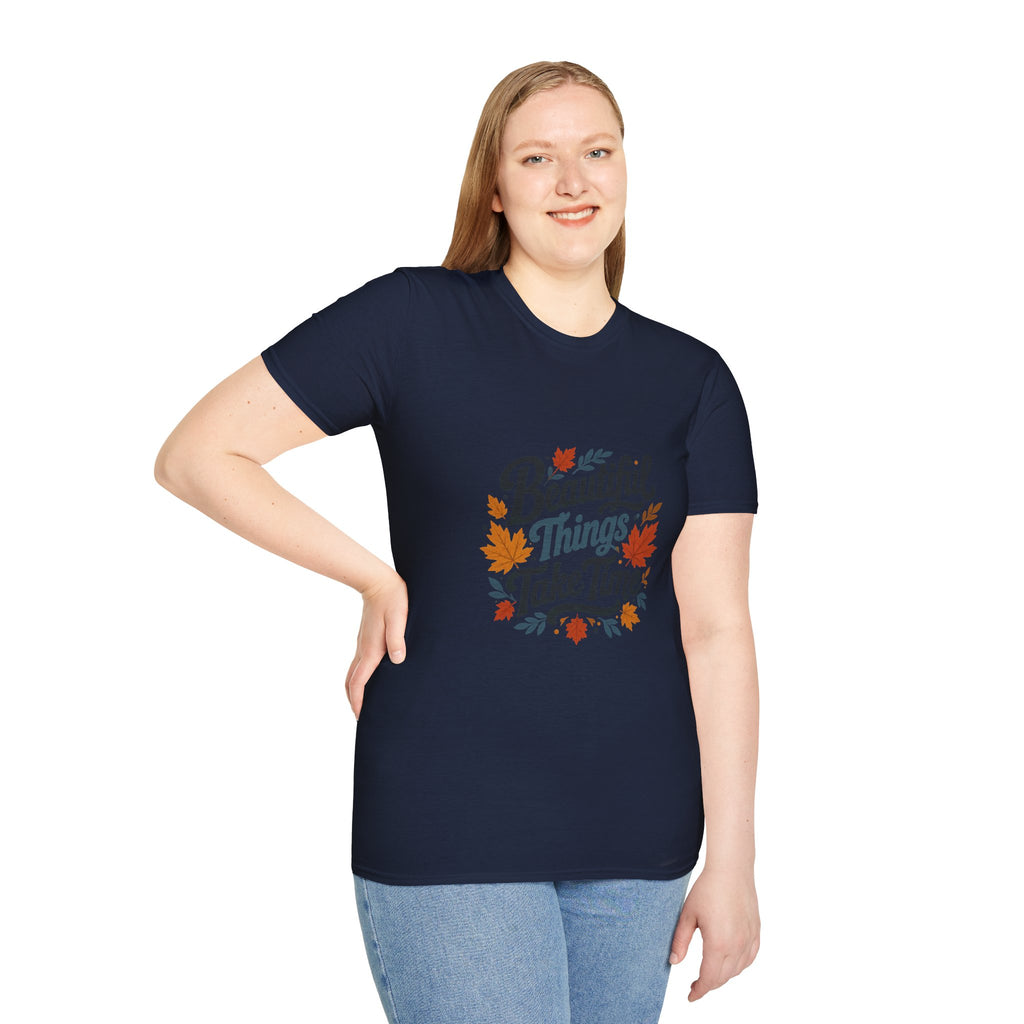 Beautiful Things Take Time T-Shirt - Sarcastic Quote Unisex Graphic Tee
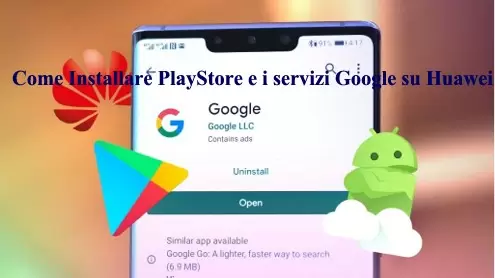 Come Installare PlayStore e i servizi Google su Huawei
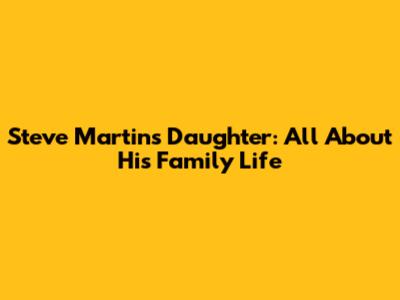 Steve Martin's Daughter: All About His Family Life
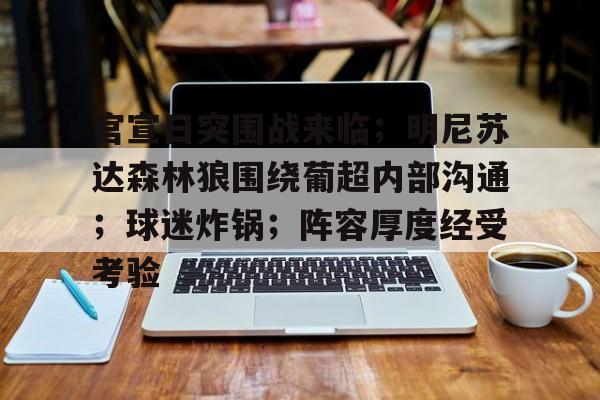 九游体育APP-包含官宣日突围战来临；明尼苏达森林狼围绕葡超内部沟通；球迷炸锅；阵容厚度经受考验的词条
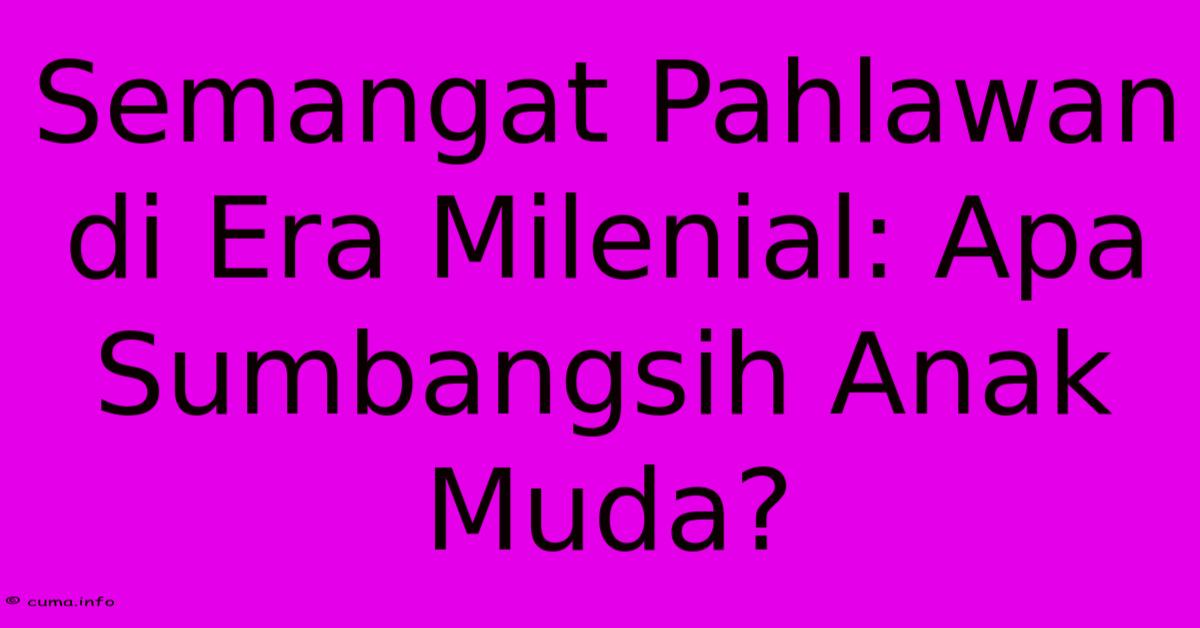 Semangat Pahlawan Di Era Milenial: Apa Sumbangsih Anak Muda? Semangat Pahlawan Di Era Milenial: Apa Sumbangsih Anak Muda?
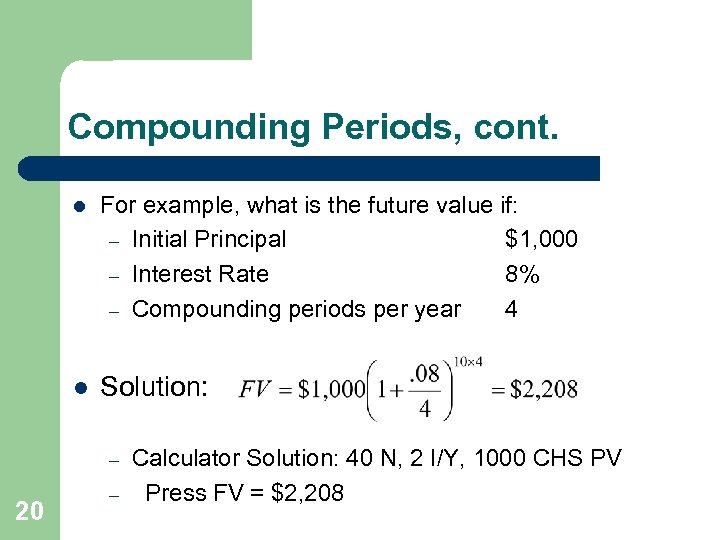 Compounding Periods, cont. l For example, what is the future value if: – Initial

* * *

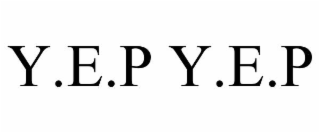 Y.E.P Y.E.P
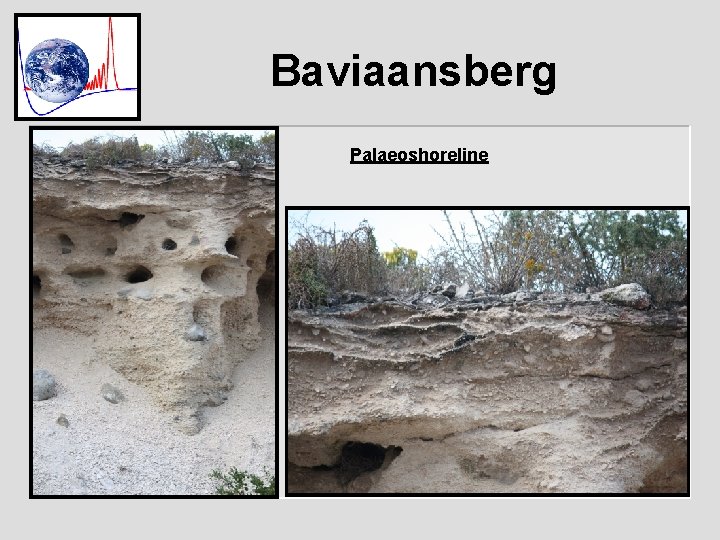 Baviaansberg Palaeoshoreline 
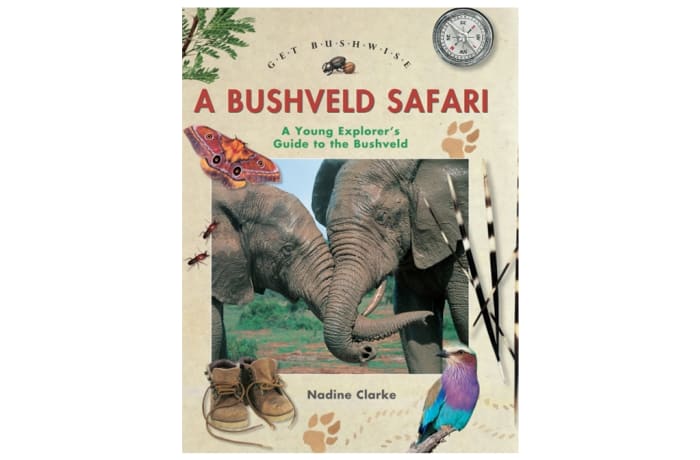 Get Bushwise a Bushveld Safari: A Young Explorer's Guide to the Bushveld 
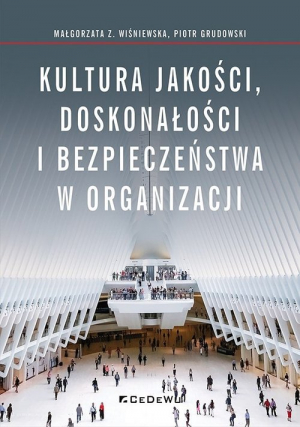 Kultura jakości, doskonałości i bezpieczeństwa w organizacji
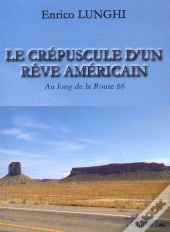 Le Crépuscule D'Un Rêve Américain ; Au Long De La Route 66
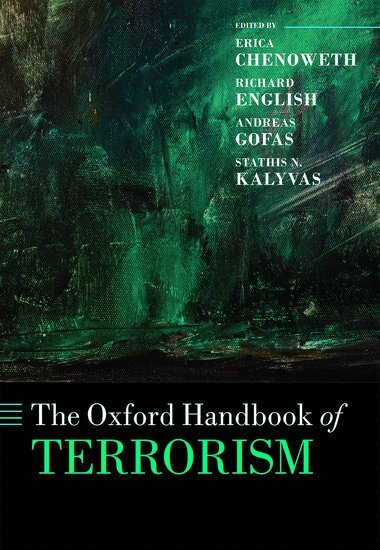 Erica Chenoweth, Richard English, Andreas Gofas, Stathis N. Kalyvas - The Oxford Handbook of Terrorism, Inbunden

Directions for this task - Write out again exactly the lines above from the one with "Le Crépuscule D'Un" through the one with "Erica Chenoweth, Richard", adding no other lines and no pictures.

Result -
 Le Crépuscule D'Un Rêve Américain ; Au Long De La Route 66
 Erica Chenoweth, Richard English, Andreas Gofas, Stathis N. Kalyvas - The Oxford Handbook of Terrorism, Inbunden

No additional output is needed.